05.01.16  09:00 | Artikel: 970002 | News-Artikel (e)

Kleine Anfrage zu verschlüsselter digitaler KommunikationDie von Kriminellen vermehrt genutzte verschlüsselte digitale Kommunikation ist Thema einer Kleinen Anfrage (18/7024) der Fraktion Die Linke.

Die europäische Polizeibehörde Europol habe im Herbst einen Lagebericht zur Cyberkriminalität herausgegeben, in dem das Thema Verschlüsselung und Anonymisierung ausführlich behandelt werde. Demnach zählten zu den Erschwernissen für die Behörden auch digitale Anti-Forensik-Werkzeuge.

Laut Europol seien die Ermittler in drei Vierteln aller Fälle mit verschlüsselten Inhalten konfrontiert. Die Abgeordneten wollen nun wissen, wie die Bundesregierung das Problem einschätzt.


Vorwort der kleinen Anfrage:

Europäische Anstrengungen zur möglichen Aushebelung verschlüsselter Telekommunikation

Im November 2015 hat der luxemburgische Ratsvorsitz ein Papier mit einem Sachstand an die Mitgliedstaaten verschickt, in dem Herausforderungen durch die "Kommunikationskanäle des Internets und die zahlreichen sozialen Medien" skizziert werden (Ratsdok. 14677/15). Neue "verschlüsselungsbasierte Technologien" würden die "Durchführung effektiver Ermittlungen" zunehmend erschweren oder verhindern. Von besonderer Bedeutung seien diese auch bei "Antiradikalisierungsmaßnahmen". Das Papier fordert unter anderem eine "effektive Vorratsdatenspeicherung". In einem weiteren Dokument fragt der luxemburgische Ratsvorsitz den Bedarf für entsprechende Schritte der Kommission ab (Ratsdok. 14369/15). Als weitere Hindernisse für Strafverfolger werden die "private Nutzung des Live-Streamings", das Darknet und Anonymisierungswerkzeuge genannt. "Entscheidende elektronische Beweismittel" gingen verloren, wenn den zuständigen Behörden keine geeigneten Mittel zur Verfügung gestellt würden.

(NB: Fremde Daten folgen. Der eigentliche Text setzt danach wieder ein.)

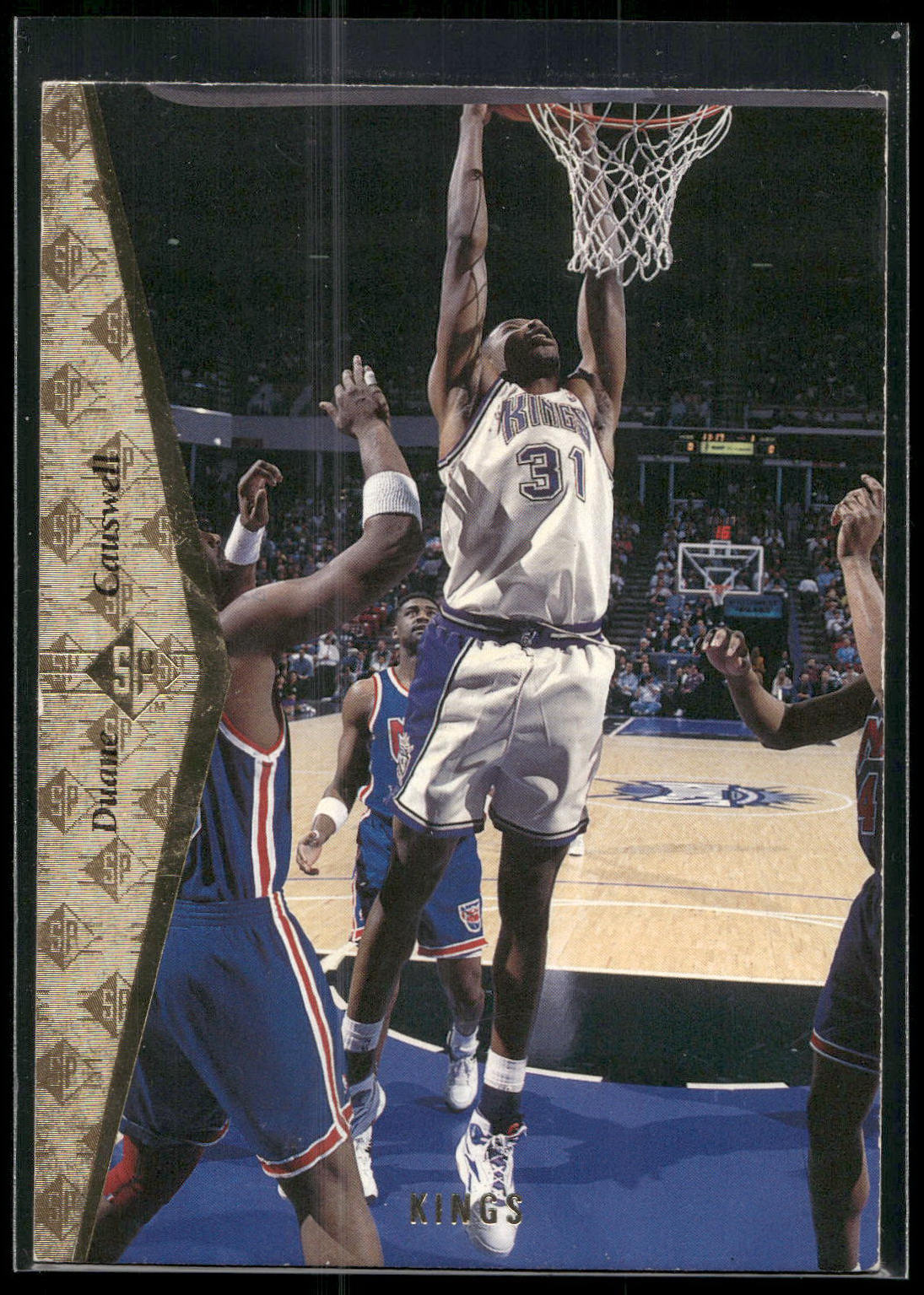 1994-95 SP #145 Duane Causwell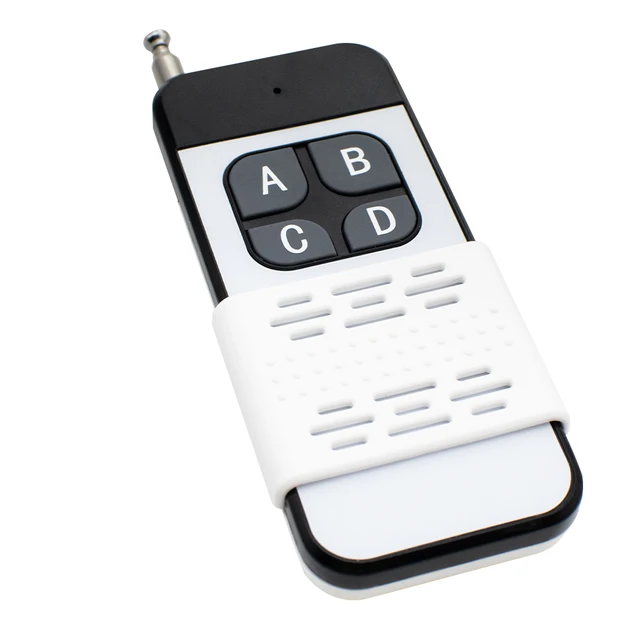 1527 Learning Code Remote Control 433Mhz Wireless RF Module 1/2/4CH Long Range 1000m For Lamps Lights Gate Door 6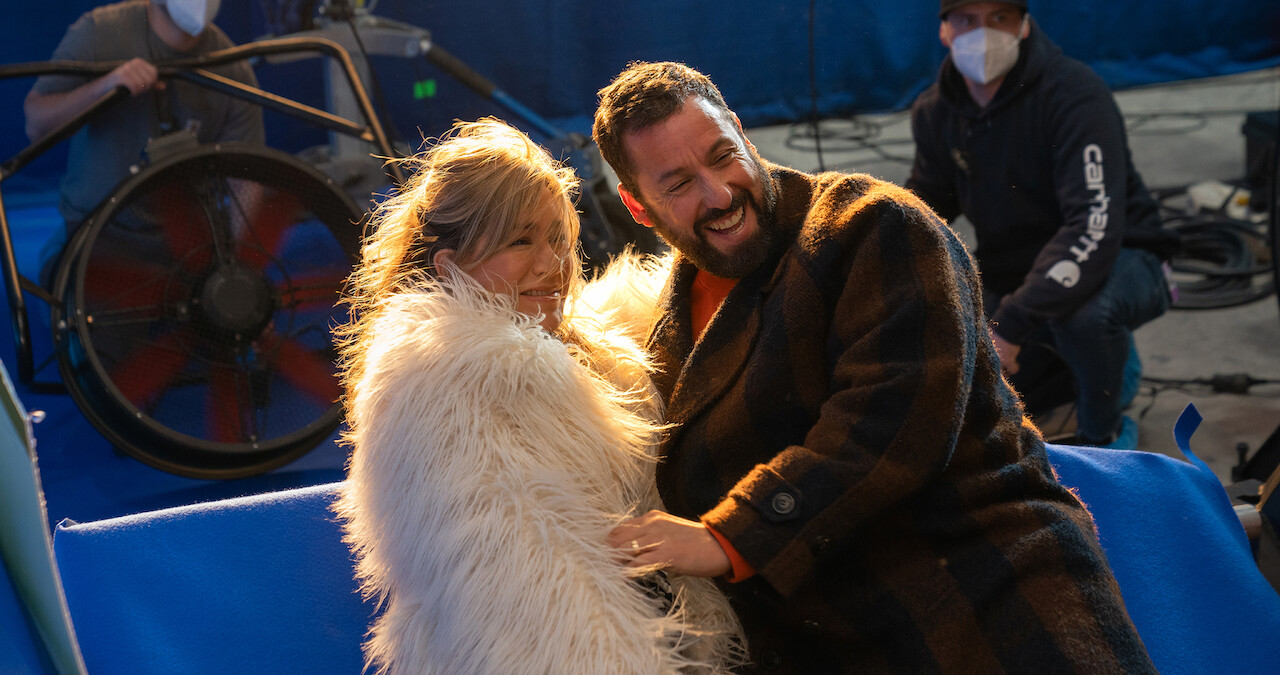 Go Behind the Scenes of 'Murder Mystery 2' With These Photos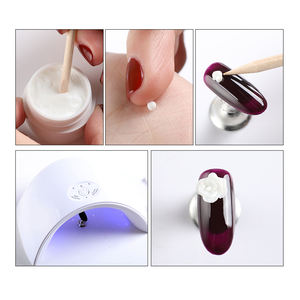 <span class=keywords><strong>Rosalind</strong></span> Oem, Logotipo Personalizado, Marca Privada, 24 Colores, 5ml, Gel de Patrones 3D para Tallar, Esmalte de Uñas en Gel UV/LED para Arte de Uñas y Belleza - Product Image 4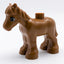 LEGO DUPLO Pferd Fohlen Pony Braun Tier Reiterhof Bauernhof horse03c01pb01 - nerdyvana.com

Im Januar 2015 forderte der EU-Anti-Terror-Koordinator Gilles de Kerchove, Internet- und Telekommunikationsanbieter zum Einbau von Hintertüren für verschlüsselte Kommunikation zu zwingen. Im März 2015 warnte der Direktor des Europäischen Polizeiamtes (Europol), Rob Wainwright, vor der zunehmenden Nutzung von Verschlüsselungstechnologien. Verschlüsselung sei demnach "eines der Hauptinstrumente von Terroristen und Kriminellen". Im September 2015 trug der stellvertretende Leiter der Operationsabteilung von Europol, Wil van Gemert, auf einer Konferenz der europäischen Polizeichefs den Bericht einer Arbeitsgruppe zu "terroristischen Online-Bedrohungen" vor. Demnach müssten vor allem die "Hindernisse von Anonymisierung und Verschlüsselung" überwunden werden. An der Arbeitsgruppe nahmen unter anderem Behörden aus Österreich, Dänemark, Ungarn, Deutschland und Spanien teil. Sie raten zu mehr Kooperation mit dem "privaten Sektor", darunter Providern und Diensteanbietern, um an verschlüsselte Inhalte und den Zugang zu Servern zu gelangen.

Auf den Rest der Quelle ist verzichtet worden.